***** Records for this exercise *****
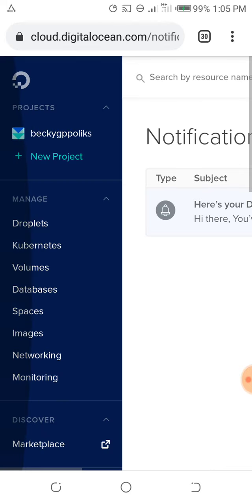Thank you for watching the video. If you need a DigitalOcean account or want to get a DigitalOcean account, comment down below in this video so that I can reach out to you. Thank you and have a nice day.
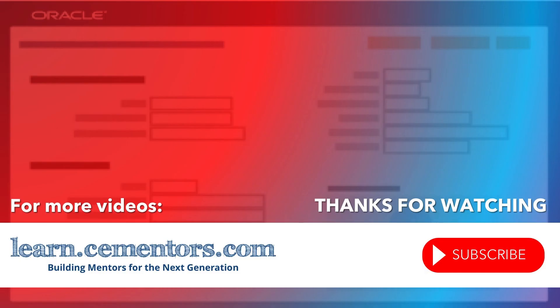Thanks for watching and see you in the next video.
*****
***** Records for this exercise *****
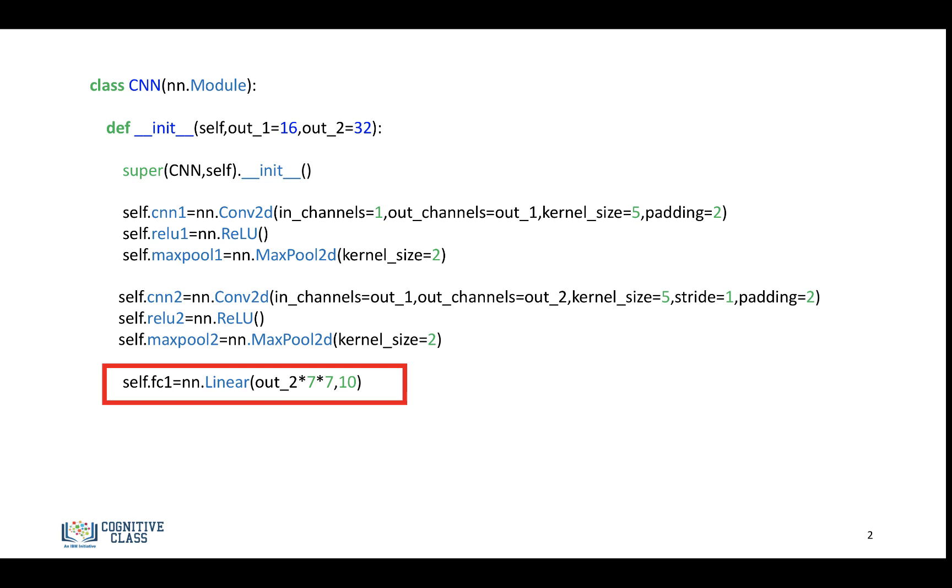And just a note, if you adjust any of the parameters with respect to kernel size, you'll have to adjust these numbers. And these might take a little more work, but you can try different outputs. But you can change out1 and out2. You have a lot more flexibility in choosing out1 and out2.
*****
***** Records for this exercise *****
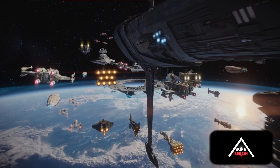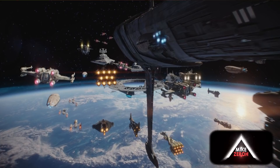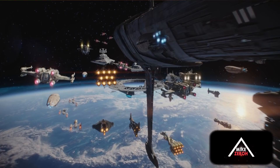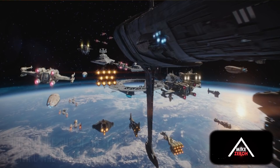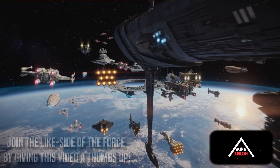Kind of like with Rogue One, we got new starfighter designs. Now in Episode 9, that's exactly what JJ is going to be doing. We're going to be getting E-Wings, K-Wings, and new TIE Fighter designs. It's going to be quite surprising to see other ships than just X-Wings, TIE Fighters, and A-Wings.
*****
_Exercise goal:_ Go to the line above that contains "Thank you for" and reproduce everything exactly from there through the line that contains "Thanks for watching", leaving out the pictures.

_Answer to this problem:_
Thank you for watching the video. If you need a DigitalOcean account or want to get a DigitalOcean account, comment down below in this video so that I can reach out to you. Thank you and have a nice day.
Thanks for watching and see you in the next video.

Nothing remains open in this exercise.